Much of this regarding bracing and ports in closed-back cabs has been known, at least in principle, for decades. For instance, look into the "Tone Ring used for early '60s Bandmaster cabs. The trouble is, applying that knowledge to a physical product is a lot more labour-intensive and the market does not always justify the production expense and effort.

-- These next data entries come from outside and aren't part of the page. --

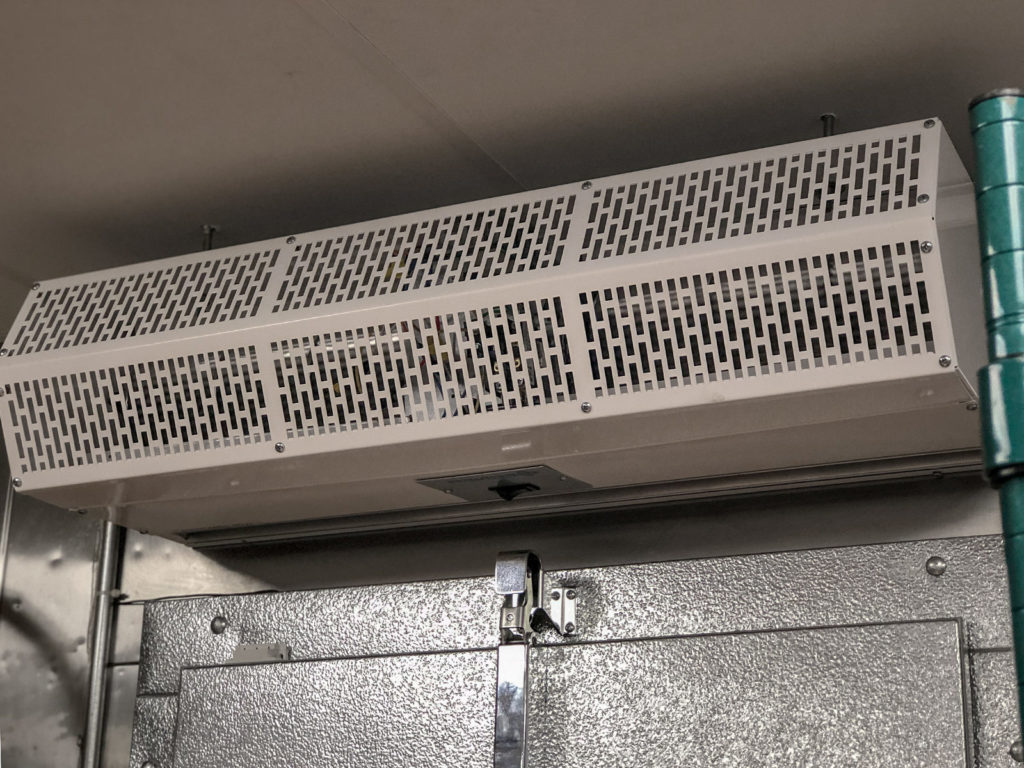 Berner's Commercial Low Profile 8 air curtain close-up on walk-in cooler.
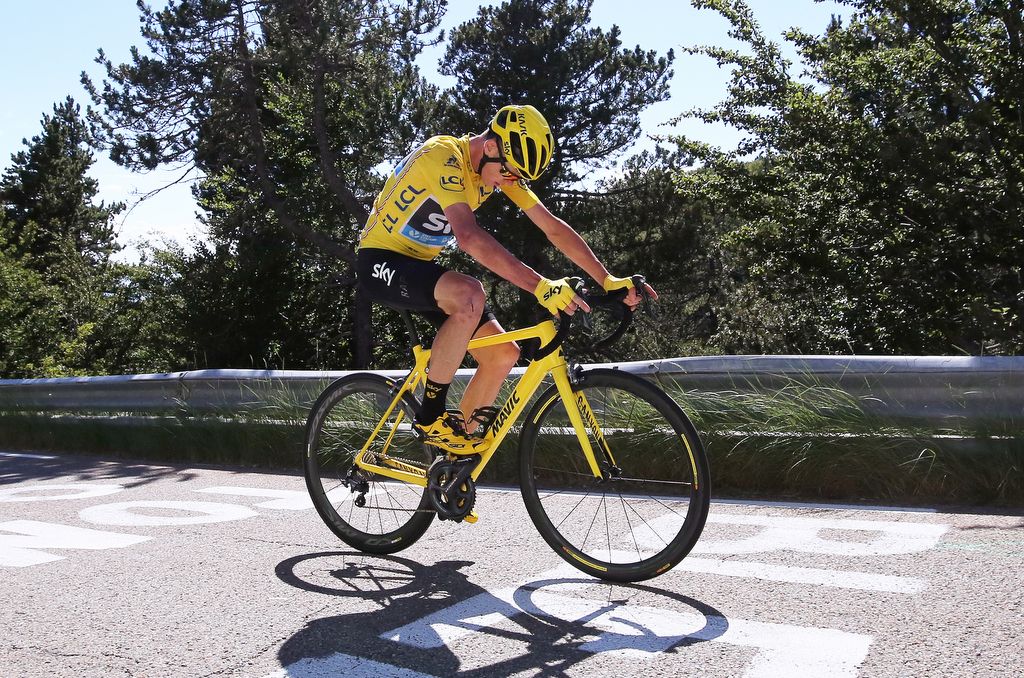 Chris Froome (Team Sky) tries to make sense of the neutral spares bike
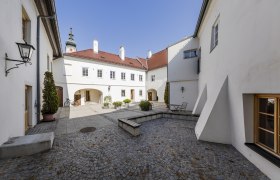 Innenhof der TDR-FineArtGallerie in Traismauer mit Kopfsteinpflaster und weißen Gebäuden.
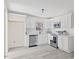 Modern kitchen with white shaker cabinets, stainless steel appliances, and quartz countertops at 409 Avery Street St, Garner, NC 27529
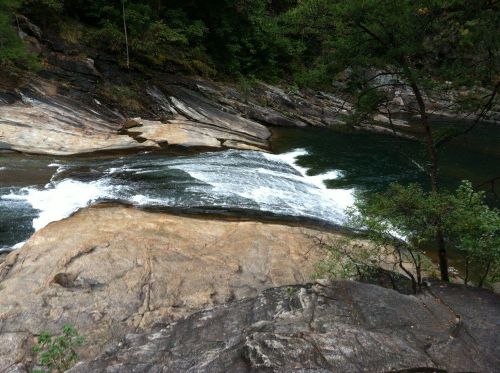 A serene river flows over smooth rocks, surrounded by lush greenery and steep, rocky banks.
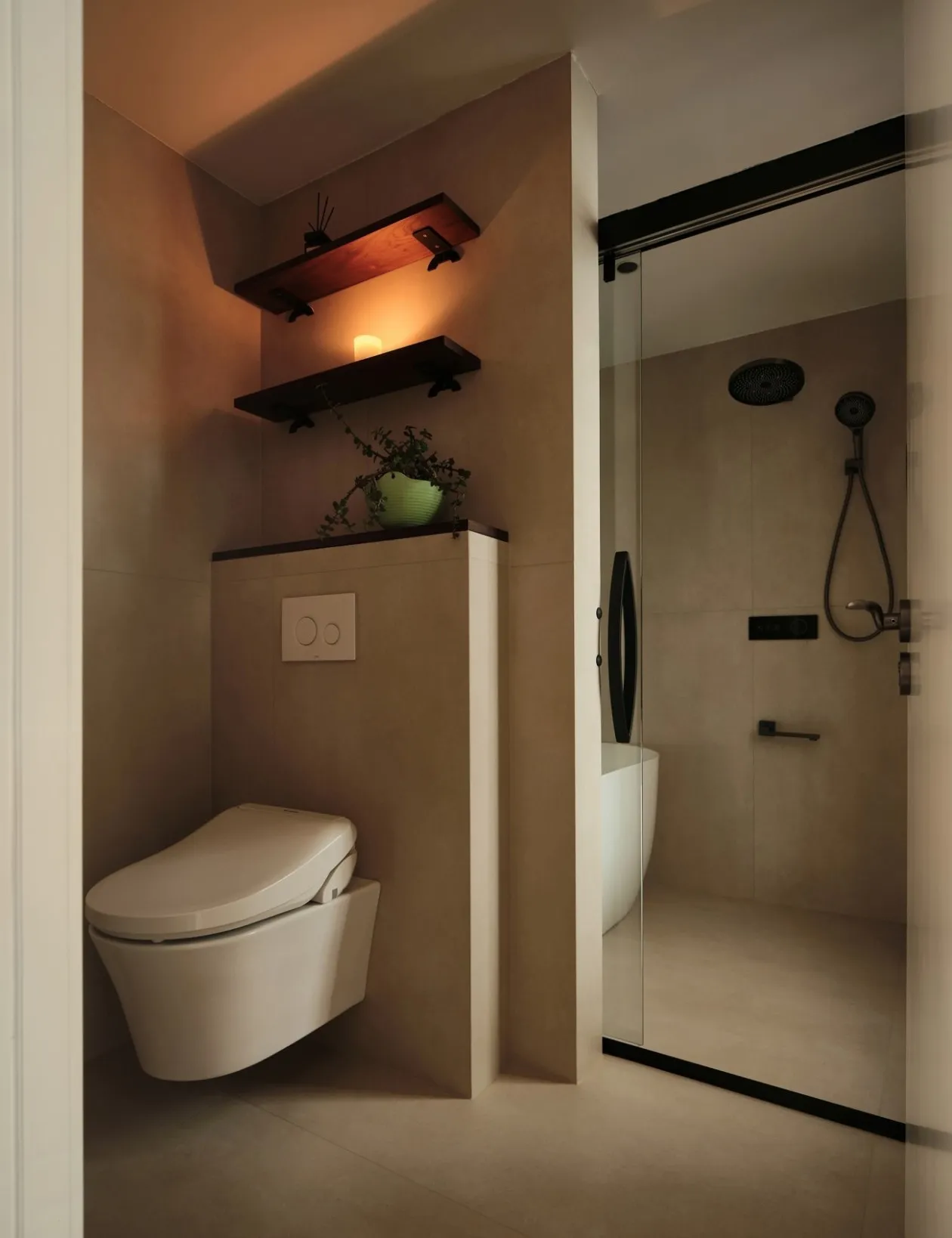 Minimalist bathroom featuring ceramic tiles, sleek design, and modern fixtures.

Part of my interest in such alternative cabs was sparked by the review of the Feiten cabs in _Guitar Player_, somewhere in the '90s, that raved about them, and their ability to sound like a 4x12 stack in a much smaller cab with only two speakers.. Buzz Feiten licensed the design to Fuchs, and no longer makes them himself, concentrating on other things.


----------



## 1SweetRide (Oct 25, 2016)

I knew calling you into this thread was going to be informative


----------



## BMW-KTM (Apr 7, 2015)

It looks really interesting but the width is an issue for me.
It's an inch (or more) too narrow.
Height and depth are fine.
I guess maybe they had their reasons that they went with 18" but I suspect aesthetics played no part of that.
Most small heads and combos (at least any of the ones I personally would be interested in or already own) are over 18" wide.
My Boogie is about 19" and most others (that I like) range from 19" to 21".
I have to imagine there must have been some other possible set of dimensions that arrive at the same internal volume and dispersion that they could have chosen.
When I combine goofy looking aesthetics with a $900+ price tag (before shipping and taxes) it really halts any GAS I might have been experiencing.
It's not like a V30 is priced stupid-high like an AlNiCo Blue or anything.
I have a beam blocker in my Boogie and while it's not perfect, it's better than nothing and only costs a few dollars.
I think I'll pass.
Thanks for the heads up though.
Seems like good tech and other makers may follow suit at some point.


----------



## 1SweetRide (Oct 25, 2016)

I don't quite understand why 18" is a deal breaker for you.


----------



## zdogma (Mar 21, 2006)

I think the head hangs over the edge of the cab. Looks strange and is kind of tippy, especially with wider heavy heads like Mesas, Marshalls. Only an issue if you stack them.


----------



## BMW-KTM (Apr 7, 2015)

zdogma said:


> I think the head hangs over the edge of the cab. Looks strange and is kind of tippy, especially with wider heavy heads like Mesas, Marshalls. Only an issue if you stack them.


This.
Combined with a fairly lofty price tag.


----------



## 1SweetRide (Oct 25, 2016)

Do what I did. Put the cab on top of the head or order the 212


----------



## BMW-KTM (Apr 7, 2015)

With the heat rising up from your amp, effectively warming the cab's bum, you're giving it one sweet ride; heated seat and everything.


----------



## bolero (Oct 11, 2006)

that is a really interesting cab design!!


----------



## Diablo (Dec 20, 2007)

Doesn’t it depend on what kind of music you’re playing through it?


----------



## 1SweetRide (Oct 25, 2016)

I’ve played metal, rock and acoustic through it so far.


----------



## laristotle (Aug 29, 2019)

I bet that the LED string makes a difference?


----------



## 1SweetRide (Oct 25, 2016)

laristotle said:


> I bet that the LED string makes a difference?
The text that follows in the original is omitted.